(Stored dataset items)
○ ○ ○ ○ ○ ○ ○

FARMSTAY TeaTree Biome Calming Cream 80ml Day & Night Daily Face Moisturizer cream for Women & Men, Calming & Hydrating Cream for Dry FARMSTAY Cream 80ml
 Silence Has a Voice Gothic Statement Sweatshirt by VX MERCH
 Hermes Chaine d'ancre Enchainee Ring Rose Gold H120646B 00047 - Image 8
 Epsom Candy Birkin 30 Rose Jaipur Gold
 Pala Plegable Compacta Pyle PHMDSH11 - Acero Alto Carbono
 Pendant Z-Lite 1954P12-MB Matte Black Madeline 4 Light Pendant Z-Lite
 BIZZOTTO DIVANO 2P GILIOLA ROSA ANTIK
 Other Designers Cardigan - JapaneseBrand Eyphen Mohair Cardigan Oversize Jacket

○ ○ ○ ○ ○ ○ ○

ACTIVITY:
Scan the records for the string "Gold" and report each line where it occurs.

YOUR RESPONSE:
 Hermes Chaine d'ancre Enchainee Ring Rose Gold H120646B 00047 - Image 8
 Epsom Candy Birkin 30 Rose Jaipur Gold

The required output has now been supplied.